Schüler in den Container

Am liebsten würde die Pankower Schulstadträtin Lioba Zürn-Kasztantowicz (SPD) verbieten, dass im Ortsteil Prenzlauer Berg neue familienfreundliche Wohnanlagen, etwa an der Kollwitzstraße und der Schwedter Straße, gebaut werden. Denn die Neubauten bringen ihr Probleme. "Für große Bauvorhaben braucht man auch eine Infrastruktur, vor allem ausreichende Plätze an Grundschulen", sagt sie. Und deshalb muss sie sich dringend darum kümmern, dass in dem dicht besiedelten Ortsteil neue Grundschulen eröffnet werden. Und weil der mit etwa 30 Millionen Euro verschuldete Bezirk gar kein Geld für neue Schulen hat, wird im Schulamt jetzt darüber nachgedacht, "mobile Unterrichtsräume" für Erstklässler zu errichten. "Container wären eine Alternative zu teuren Neubauten", sagt Zürn-Kasztantowicz.

Schon im nächsten Schuljahr reichen die Plätze in den zehn staatlichen Grundschulen in Prenzlauer Berg nicht mehr aus.

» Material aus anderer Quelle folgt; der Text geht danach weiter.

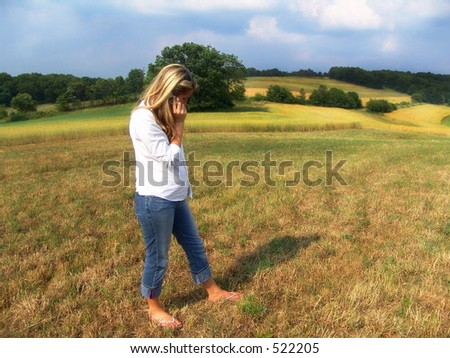Girl on cell phone, on farm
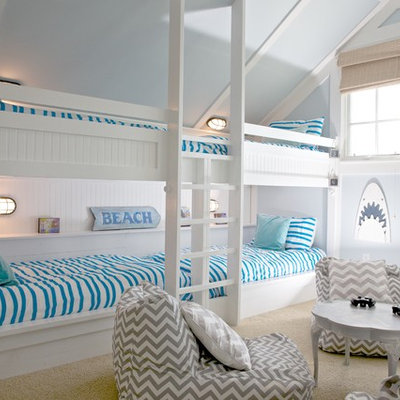 Inspiration for a coastal gender-neutral carpeted kids' room remodel in Other with blue walls
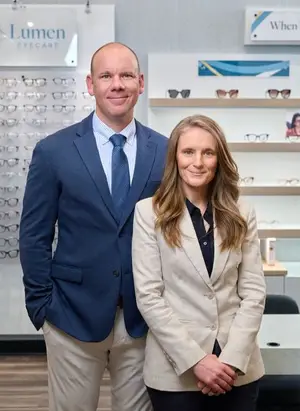 A man and a woman standing next to each other in front of an optician's shop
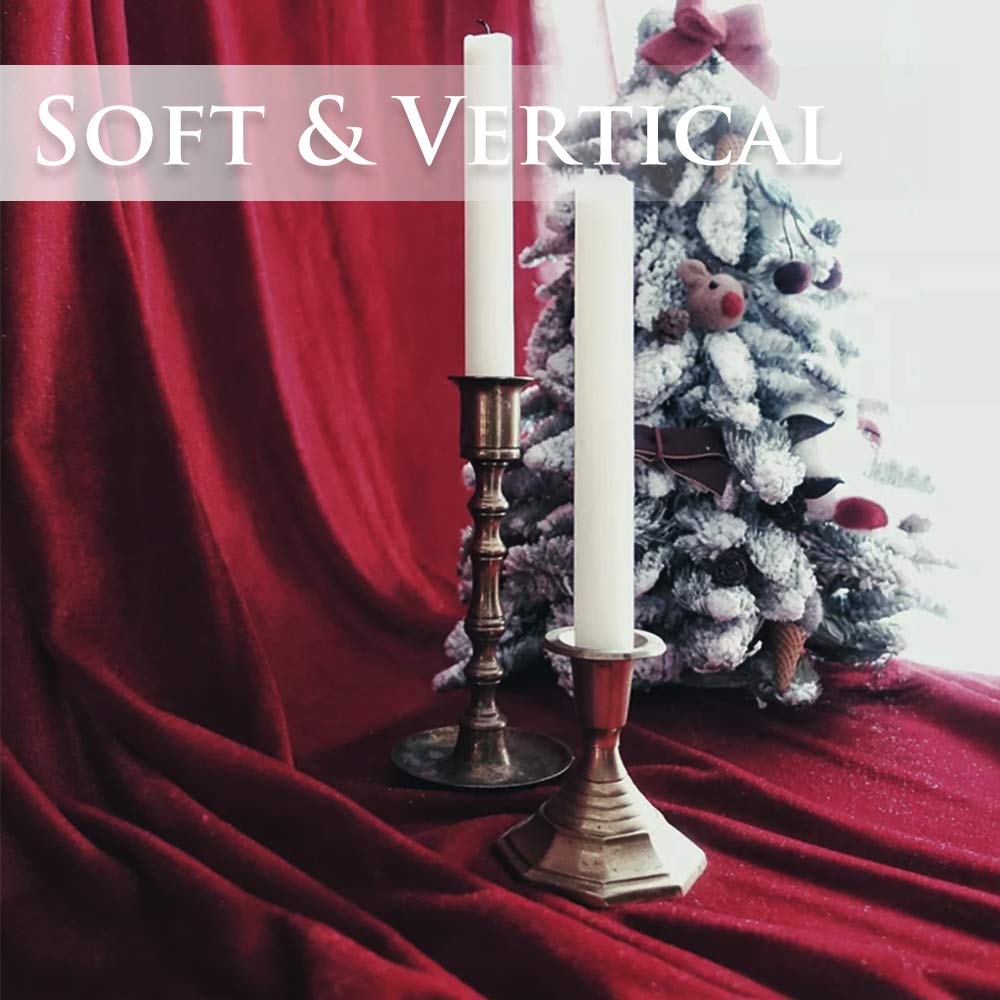 Soft, draped red velvet privacy blackout curtain fabric for bedroom & living room, accented by elegant candles and a frosted tree.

Die Zahl der Erstklässler wächst stetig (siehe Grafik). "Künftig brauchen wir jedes Jahr eine neue Grundschule", sagt Zürn-Kasztantowicz. Im Schuljahr 2010/2011 wird es auf Grundlage aktueller Prognosen 367 Schulanfänger mehr geben als derzeit. Vor allem in den beliebten Wohnvierteln Kollwitzplatz, Teutoburger Platz, Helmholtzplatz und Bötzowviertel werden neue Grundschulplätze benötigt.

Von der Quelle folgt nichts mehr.